REQUIRED WORK -
Leaving out only the pictures, write out all the entries exactly.

DATA PROVIDED -
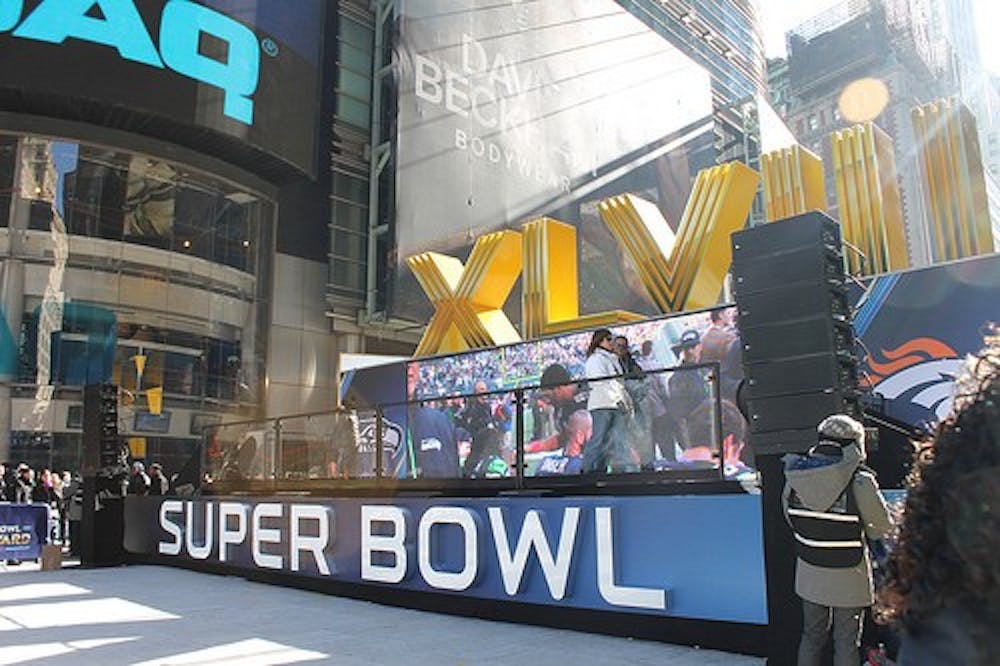 The M&M Report: Super Bowl, Olympics and all things sports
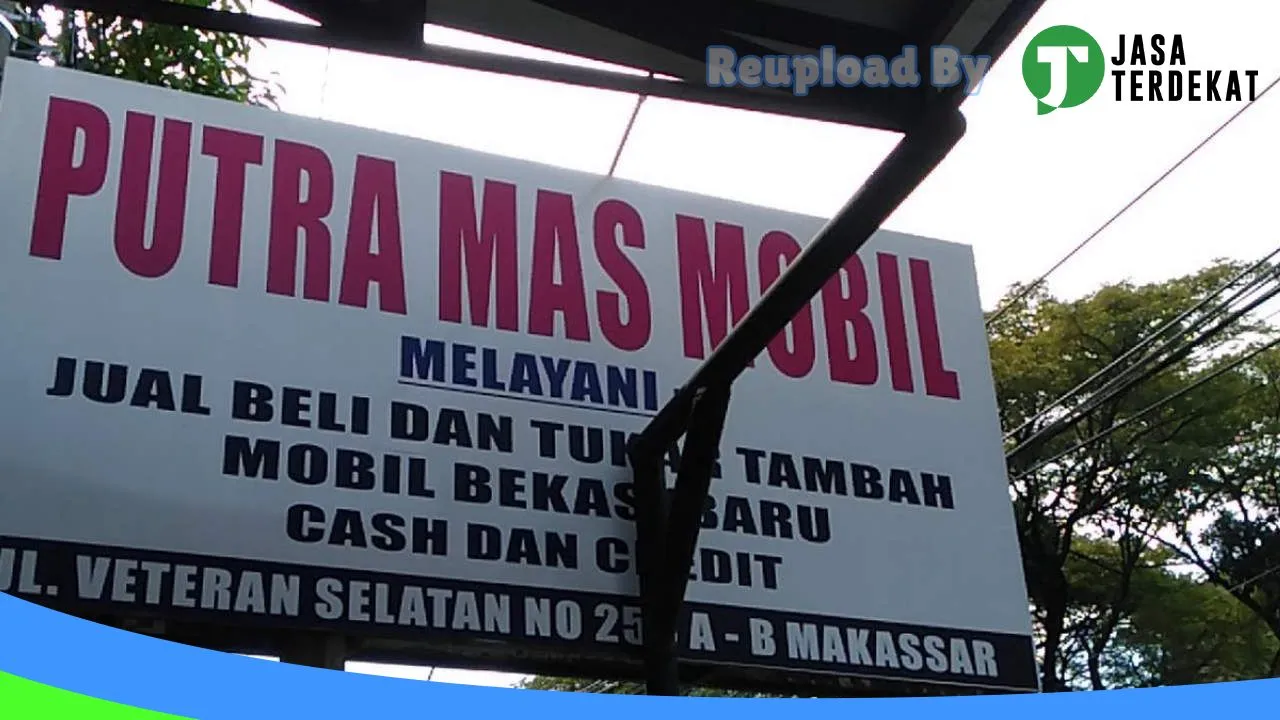 Gambar Putra Mas Mobil di Makassar, Sulawesi Selatan ke 3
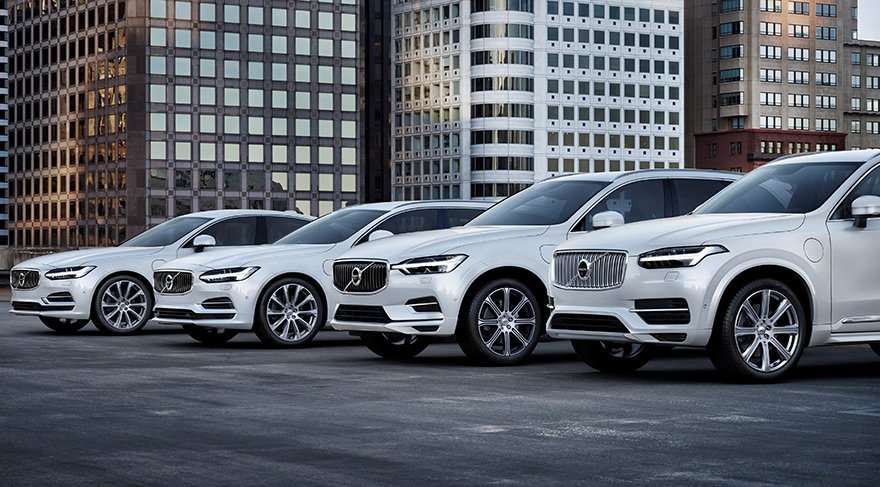 Volvo ‘voltajı’ yükseltti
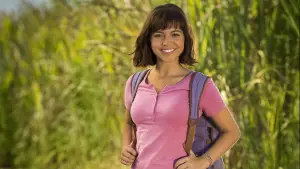 Задник к фильму "Дора и затерянный город" #665591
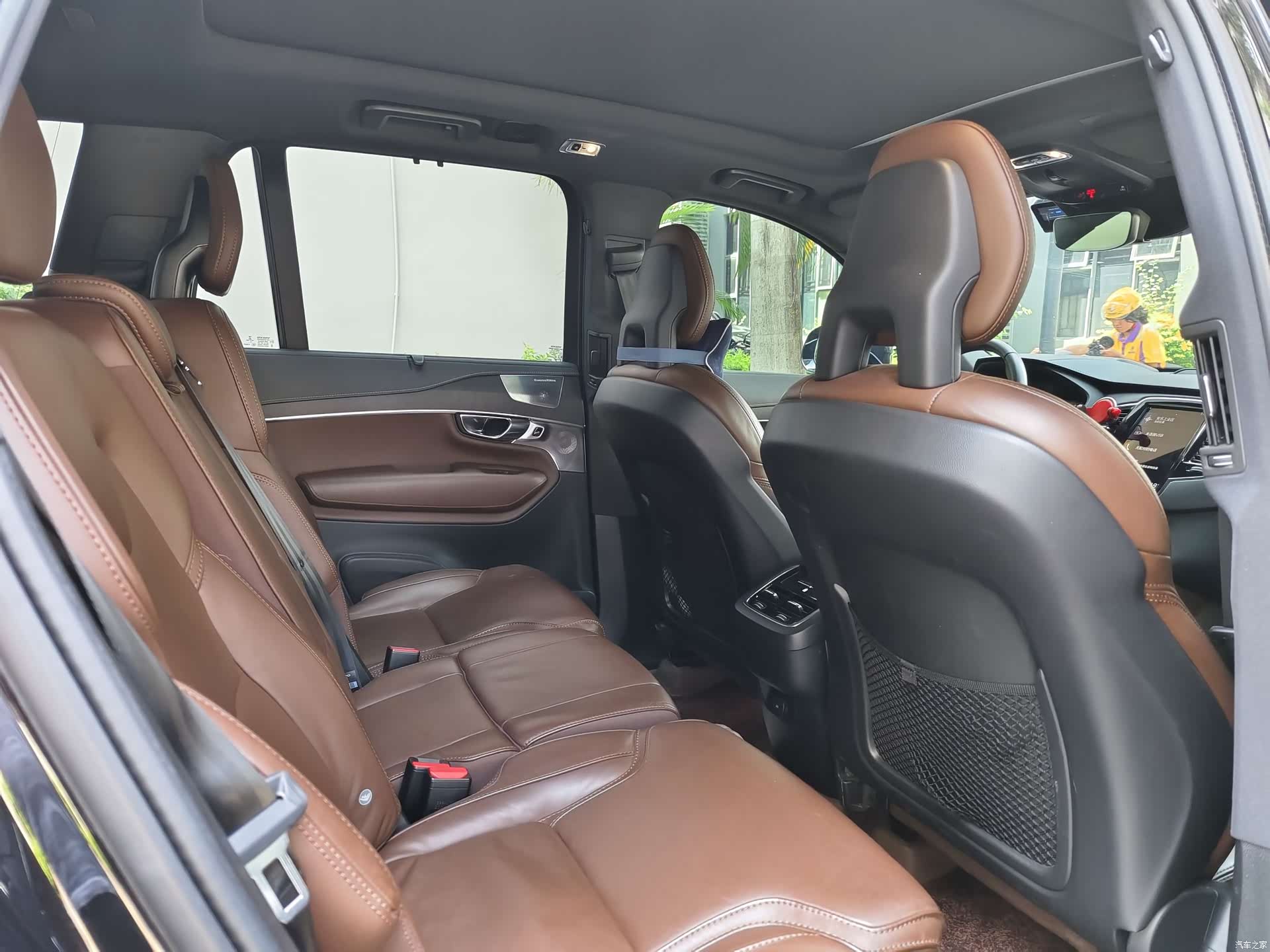 Volvo XC90, 2021 все фото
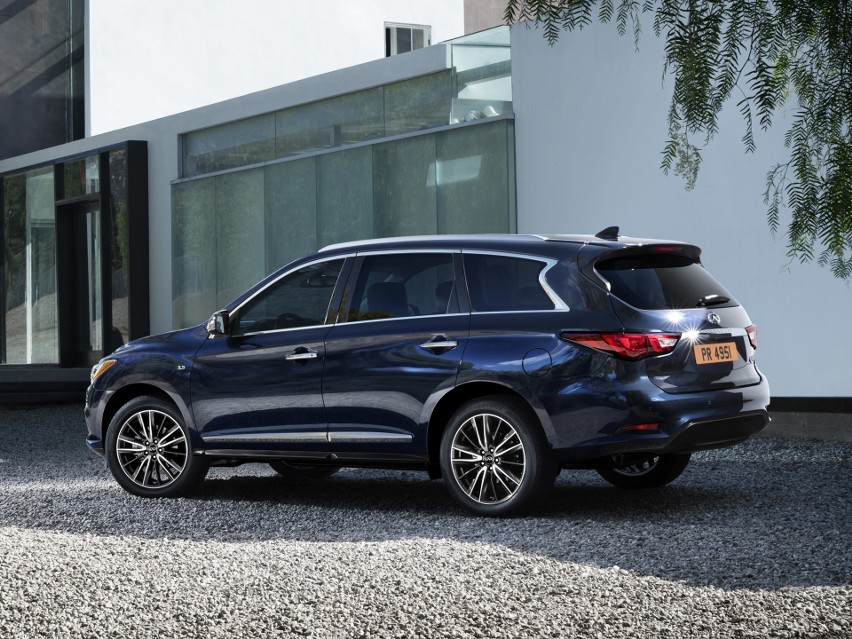 Infiniti QX60...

SOLUTION TO THE EXERCISE -
 The M&M Report: Super Bowl, Olympics and all things sports
 Gambar Putra Mas Mobil di Makassar, Sulawesi Selatan ke 3
 Volvo ‘voltajı’ yükseltti
 Задник к фильму "Дора и затерянный город" #665591
 Volvo XC90, 2021 все фото
 Infiniti QX60...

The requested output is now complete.